With many transitioning their hiring practices to be almost fully remote--from applications and interviewing to selection committees and offer letters--we need to get serious about addressing our own biases when we are being invited into the homes of a potential hire.
With the backdrop of social unrest and the George Floyd protests, now more than ever we must examine our own biases when making hiring decisions that will shape the fabric of our teams. Of course, these are no substitute for actual unconscious bias training and a robust and inclusive hiring process that takes months, sometimes years, to develop. However, if you're looking for a few good reminders to keep top-of-mind when conducting your next Zoom interview, consider the following.

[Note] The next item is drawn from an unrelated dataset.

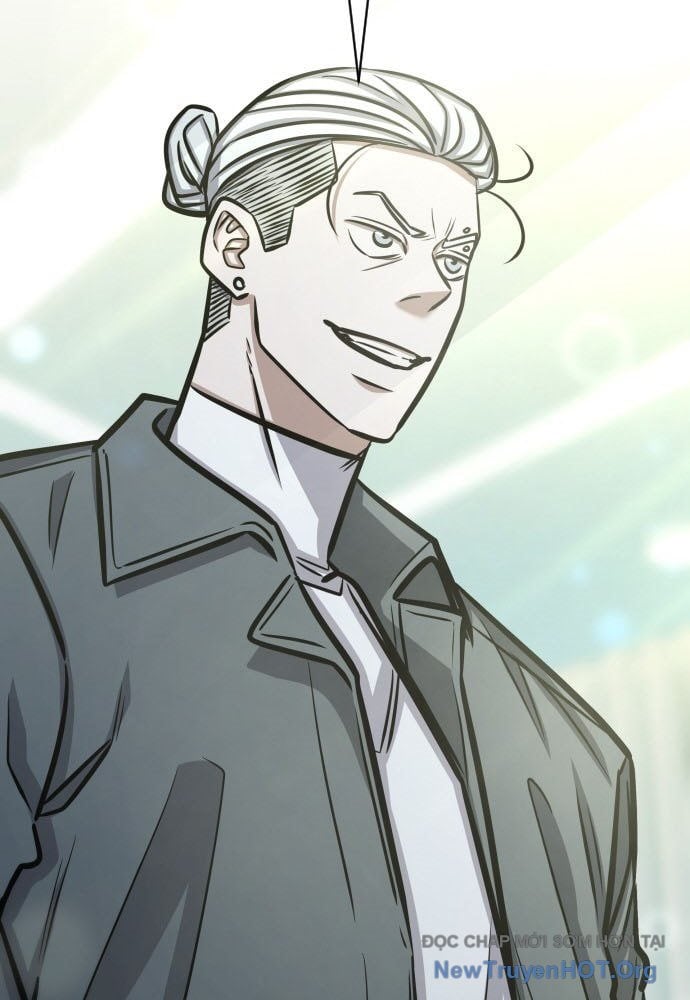 Thợ Săn Huyền Thoại Trẻ Hóa: Chapter 54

Backgrounds matter, but not as much as you think.
It's cliché, but the hiring process is a lot like trying to find a needle in a haystack. That's why, in order to make instant judgments, we sometimes project our preferences, beyond common interview answers, onto an interviewee. For instance, if you personally like to keep your home neat and tidy, you may unconsciously think that a messy house may mean the person will be an unorganized, sloppy employee.
However, you have to forego all judgement when it comes to the state of someone's house during a video interview. You just don't know the personal situation of any potential new hire--you don't know if they have kids making a mess, roommates who work odd shifts, or other external factors that have no bearing on whether they would be an all-star employee.

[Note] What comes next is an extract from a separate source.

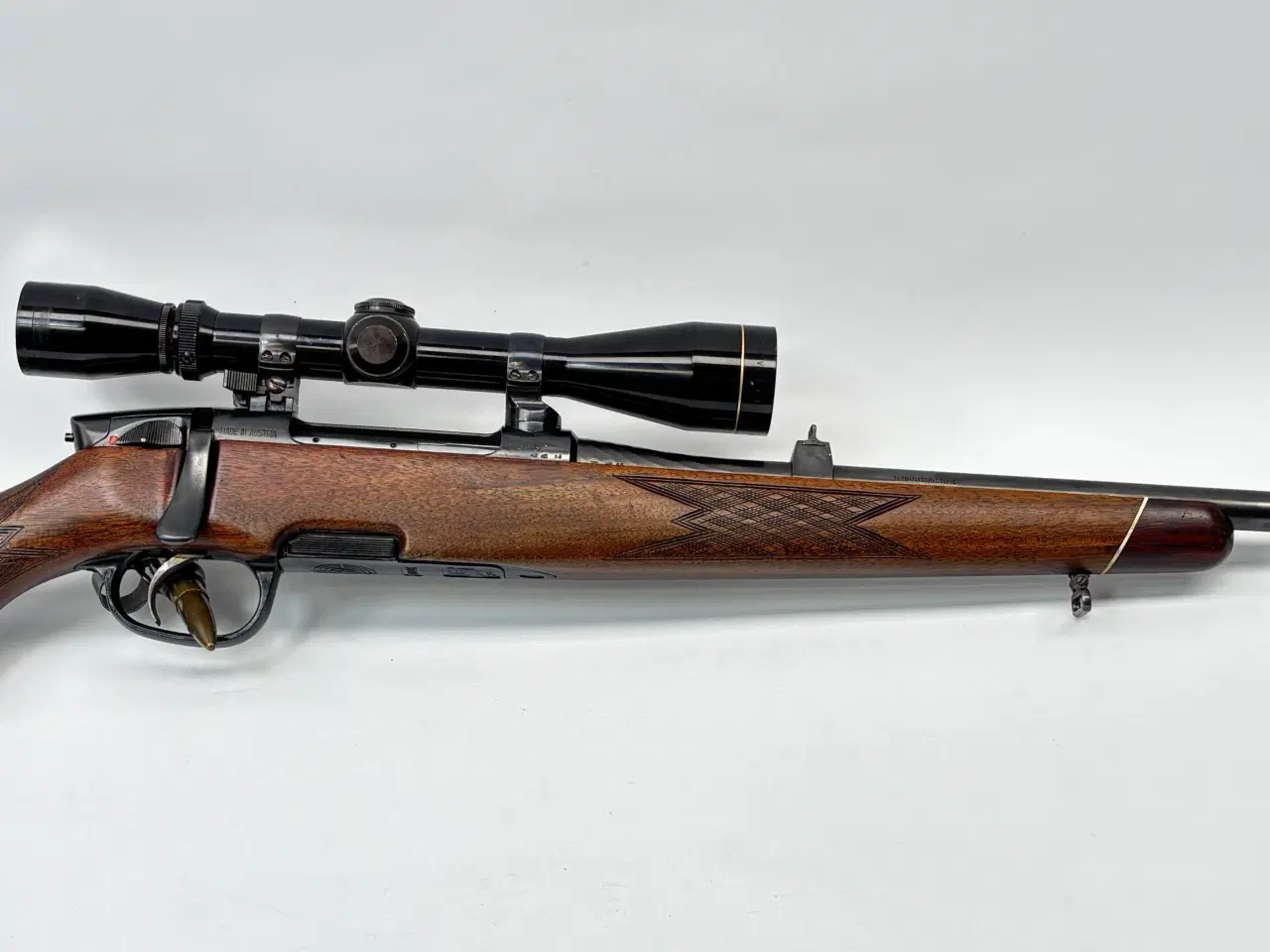 Billede 1 - Brugt Steyr Mannlicher Model M Kaliber i 30-06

Similarly, some interviewees may choose to use a fake Zoom background instead of opening up their home to you in an interview. Don't be offended or read anything into it. It's normal not to want your potential boss to see your dirty laundry or awkward family photos. Ask your questions, and move on.

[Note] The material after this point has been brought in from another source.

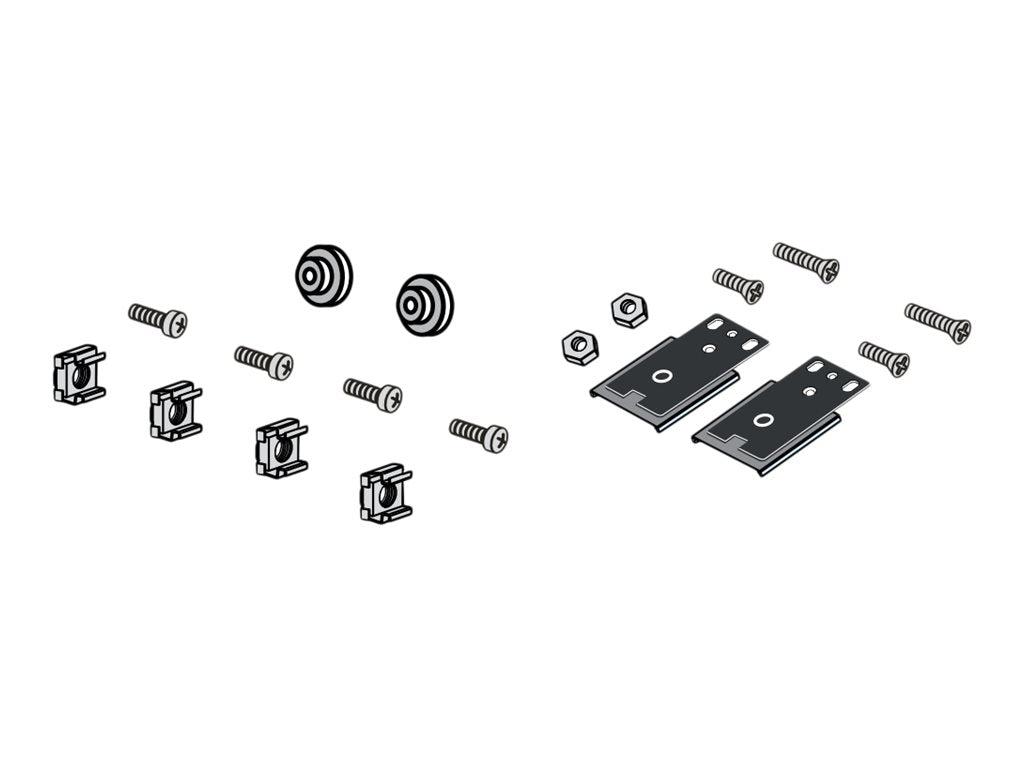 Eaton - PDU installation hardware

Interruptions happen. Acknowledge them and be kind.
Being invited into someone's home means that interruptions may happen, no matter how many times the interviewee has asked their friends, family, and pets to not disturb them for the next hour.
Sure, an impromptu interruption may ruin the flow of a conversation or interrupt a thought here and there, but these are part of working from home. Be consciously aware of any bias that interruptions could unveil in the hiring process. Acknowledge them, be understanding, and then continue your conversation.
Messy hair, don't care.
While some hair salons are starting to open their doors, not everyone will feel comfortable heading back to their hairdressers right away.
If the person you are interviewing has long, grown-out roots or has a few more gray hairs than their LinkedIn profile suggests, it shouldn't bias you in the slightest. If it does, this is the time to take a mental check and make sure you are not prejudging someone on something irrelevant.
At the end of the day, snap judgments happen--but we need to be hypervigilant and actively work to combat them. We must internally acknowledge our own biases, instead of being embarrassed and pretending that they don't exist.
Before each interview, check in with yourself and set an intention for the interview. You should use the interview process to vet your employees for the things that matter, and ask the deep questions that will be relevant to their prospective position. Any other judgments should be quietly acknowledged and then tossed aside.